Problem details.
Only the lines from the one containing "[MMV] Jujutsu Kaisen" through the one containing "8623 W Warren Drive Lakewood CO 80227" should be printed, exactly as they appear below, with both ends included.

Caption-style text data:
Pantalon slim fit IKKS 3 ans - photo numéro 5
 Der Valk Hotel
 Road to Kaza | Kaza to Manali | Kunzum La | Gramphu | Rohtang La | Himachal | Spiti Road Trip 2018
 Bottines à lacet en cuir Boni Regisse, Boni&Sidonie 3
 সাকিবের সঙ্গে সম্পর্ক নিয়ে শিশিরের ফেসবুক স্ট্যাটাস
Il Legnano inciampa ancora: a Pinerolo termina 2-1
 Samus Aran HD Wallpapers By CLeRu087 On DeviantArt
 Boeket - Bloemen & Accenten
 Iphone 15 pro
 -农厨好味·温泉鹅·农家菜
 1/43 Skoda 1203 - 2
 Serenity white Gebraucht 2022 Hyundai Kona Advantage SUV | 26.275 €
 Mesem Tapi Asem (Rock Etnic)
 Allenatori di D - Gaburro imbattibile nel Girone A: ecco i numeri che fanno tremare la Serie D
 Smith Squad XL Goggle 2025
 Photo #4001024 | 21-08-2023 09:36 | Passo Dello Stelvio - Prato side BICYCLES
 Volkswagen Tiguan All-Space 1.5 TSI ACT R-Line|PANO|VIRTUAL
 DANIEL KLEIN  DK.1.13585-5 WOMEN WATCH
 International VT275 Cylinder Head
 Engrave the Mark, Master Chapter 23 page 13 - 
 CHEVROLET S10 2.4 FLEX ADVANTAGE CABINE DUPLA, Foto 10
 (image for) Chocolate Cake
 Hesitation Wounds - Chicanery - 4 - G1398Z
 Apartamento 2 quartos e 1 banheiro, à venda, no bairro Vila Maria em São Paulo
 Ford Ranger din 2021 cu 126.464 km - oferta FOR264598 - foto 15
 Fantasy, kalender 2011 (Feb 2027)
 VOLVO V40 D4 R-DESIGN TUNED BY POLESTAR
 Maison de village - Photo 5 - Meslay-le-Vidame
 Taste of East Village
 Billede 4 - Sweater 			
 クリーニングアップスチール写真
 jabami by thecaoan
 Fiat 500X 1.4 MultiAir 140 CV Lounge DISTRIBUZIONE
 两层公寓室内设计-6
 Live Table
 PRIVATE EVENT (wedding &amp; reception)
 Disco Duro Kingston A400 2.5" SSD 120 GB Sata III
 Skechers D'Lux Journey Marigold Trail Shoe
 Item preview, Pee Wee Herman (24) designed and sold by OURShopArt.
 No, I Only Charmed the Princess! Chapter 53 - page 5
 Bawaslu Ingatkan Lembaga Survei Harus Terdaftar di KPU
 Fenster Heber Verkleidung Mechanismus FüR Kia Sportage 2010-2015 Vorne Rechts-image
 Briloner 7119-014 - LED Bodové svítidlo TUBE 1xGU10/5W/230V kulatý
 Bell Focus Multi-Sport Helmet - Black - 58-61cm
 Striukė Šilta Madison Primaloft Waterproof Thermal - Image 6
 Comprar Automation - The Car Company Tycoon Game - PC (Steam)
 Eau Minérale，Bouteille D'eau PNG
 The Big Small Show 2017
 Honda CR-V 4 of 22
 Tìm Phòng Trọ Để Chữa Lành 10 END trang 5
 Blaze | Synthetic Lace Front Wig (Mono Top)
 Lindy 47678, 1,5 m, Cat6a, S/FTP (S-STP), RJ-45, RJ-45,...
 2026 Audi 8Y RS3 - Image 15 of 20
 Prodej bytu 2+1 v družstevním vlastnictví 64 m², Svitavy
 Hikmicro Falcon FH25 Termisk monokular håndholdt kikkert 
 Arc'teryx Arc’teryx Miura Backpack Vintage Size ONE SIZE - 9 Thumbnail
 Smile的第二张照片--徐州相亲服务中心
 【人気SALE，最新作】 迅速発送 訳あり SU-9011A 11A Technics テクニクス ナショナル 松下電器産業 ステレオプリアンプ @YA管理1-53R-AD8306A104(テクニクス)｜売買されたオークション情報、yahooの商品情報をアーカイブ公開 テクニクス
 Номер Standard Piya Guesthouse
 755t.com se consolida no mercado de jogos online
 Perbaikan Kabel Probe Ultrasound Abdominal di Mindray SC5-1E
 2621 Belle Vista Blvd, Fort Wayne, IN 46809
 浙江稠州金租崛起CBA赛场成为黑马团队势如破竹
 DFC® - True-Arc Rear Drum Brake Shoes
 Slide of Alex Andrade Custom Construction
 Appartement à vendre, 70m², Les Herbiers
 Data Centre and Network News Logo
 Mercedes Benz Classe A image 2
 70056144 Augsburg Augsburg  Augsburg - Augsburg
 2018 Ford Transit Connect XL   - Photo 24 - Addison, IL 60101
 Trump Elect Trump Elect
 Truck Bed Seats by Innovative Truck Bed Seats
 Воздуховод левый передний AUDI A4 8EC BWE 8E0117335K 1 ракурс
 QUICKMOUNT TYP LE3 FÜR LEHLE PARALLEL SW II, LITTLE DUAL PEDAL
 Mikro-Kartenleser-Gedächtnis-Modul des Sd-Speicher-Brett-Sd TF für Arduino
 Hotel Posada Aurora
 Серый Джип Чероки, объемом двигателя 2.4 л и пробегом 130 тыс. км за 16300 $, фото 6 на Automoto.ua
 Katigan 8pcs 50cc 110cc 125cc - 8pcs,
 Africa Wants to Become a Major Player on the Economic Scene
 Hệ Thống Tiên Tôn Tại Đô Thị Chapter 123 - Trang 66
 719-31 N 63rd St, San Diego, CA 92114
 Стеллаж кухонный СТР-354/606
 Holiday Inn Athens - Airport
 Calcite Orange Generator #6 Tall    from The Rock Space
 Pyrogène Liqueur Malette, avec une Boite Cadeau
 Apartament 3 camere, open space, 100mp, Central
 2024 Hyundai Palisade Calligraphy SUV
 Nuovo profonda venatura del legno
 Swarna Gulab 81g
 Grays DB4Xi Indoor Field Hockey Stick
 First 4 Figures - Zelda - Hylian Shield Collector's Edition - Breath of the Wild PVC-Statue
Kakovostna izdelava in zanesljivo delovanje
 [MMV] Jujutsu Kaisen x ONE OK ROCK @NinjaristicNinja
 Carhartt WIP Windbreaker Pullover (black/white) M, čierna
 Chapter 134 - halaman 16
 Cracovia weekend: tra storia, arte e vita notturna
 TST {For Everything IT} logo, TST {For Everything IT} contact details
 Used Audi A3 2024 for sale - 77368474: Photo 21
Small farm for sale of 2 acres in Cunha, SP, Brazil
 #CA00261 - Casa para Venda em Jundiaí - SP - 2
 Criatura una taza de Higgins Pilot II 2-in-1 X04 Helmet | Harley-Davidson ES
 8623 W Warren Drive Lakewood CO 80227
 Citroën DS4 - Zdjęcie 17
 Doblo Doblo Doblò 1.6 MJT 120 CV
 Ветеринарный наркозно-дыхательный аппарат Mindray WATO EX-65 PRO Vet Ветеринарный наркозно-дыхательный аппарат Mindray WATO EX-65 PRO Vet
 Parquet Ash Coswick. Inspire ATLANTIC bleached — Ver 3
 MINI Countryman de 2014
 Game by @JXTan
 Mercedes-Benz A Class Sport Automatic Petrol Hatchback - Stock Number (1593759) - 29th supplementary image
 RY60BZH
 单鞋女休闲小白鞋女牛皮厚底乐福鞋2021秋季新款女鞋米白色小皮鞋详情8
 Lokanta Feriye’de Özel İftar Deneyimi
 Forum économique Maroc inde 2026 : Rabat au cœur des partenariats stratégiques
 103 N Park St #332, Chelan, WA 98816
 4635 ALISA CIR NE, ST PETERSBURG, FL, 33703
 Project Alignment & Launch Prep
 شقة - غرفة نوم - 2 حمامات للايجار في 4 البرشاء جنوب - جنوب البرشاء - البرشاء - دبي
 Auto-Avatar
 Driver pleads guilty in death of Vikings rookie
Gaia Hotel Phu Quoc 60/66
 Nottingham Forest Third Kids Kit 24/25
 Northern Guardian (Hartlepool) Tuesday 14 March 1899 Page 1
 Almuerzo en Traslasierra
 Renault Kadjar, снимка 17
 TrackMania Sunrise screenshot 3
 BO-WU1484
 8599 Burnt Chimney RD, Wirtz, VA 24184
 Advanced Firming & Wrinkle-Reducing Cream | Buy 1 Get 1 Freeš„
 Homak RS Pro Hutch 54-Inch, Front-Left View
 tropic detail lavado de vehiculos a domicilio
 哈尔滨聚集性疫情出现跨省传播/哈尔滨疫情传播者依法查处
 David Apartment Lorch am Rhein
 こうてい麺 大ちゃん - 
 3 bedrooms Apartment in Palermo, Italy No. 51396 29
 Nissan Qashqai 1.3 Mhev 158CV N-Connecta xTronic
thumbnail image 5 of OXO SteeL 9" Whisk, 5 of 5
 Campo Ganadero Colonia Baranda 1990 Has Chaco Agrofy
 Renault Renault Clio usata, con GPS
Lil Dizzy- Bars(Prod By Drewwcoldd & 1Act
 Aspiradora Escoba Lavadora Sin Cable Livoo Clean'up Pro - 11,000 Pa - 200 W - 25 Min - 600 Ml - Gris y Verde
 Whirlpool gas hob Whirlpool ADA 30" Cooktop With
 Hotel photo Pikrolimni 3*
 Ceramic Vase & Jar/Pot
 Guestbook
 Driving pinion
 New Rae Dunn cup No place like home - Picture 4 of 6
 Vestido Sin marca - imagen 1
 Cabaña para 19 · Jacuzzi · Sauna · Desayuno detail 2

The completed task.
 [MMV] Jujutsu Kaisen x ONE OK ROCK @NinjaristicNinja
 Carhartt WIP Windbreaker Pullover (black/white) M, čierna
 Chapter 134 - halaman 16
 Cracovia weekend: tra storia, arte e vita notturna
 TST {For Everything IT} logo, TST {For Everything IT} contact details
 Used Audi A3 2024 for sale - 77368474: Photo 21
Small farm for sale of 2 acres in Cunha, SP, Brazil
 #CA00261 - Casa para Venda em Jundiaí - SP - 2
 Criatura una taza de Higgins Pilot II 2-in-1 X04 Helmet | Harley-Davidson ES
 8623 W Warren Drive Lakewood CO 80227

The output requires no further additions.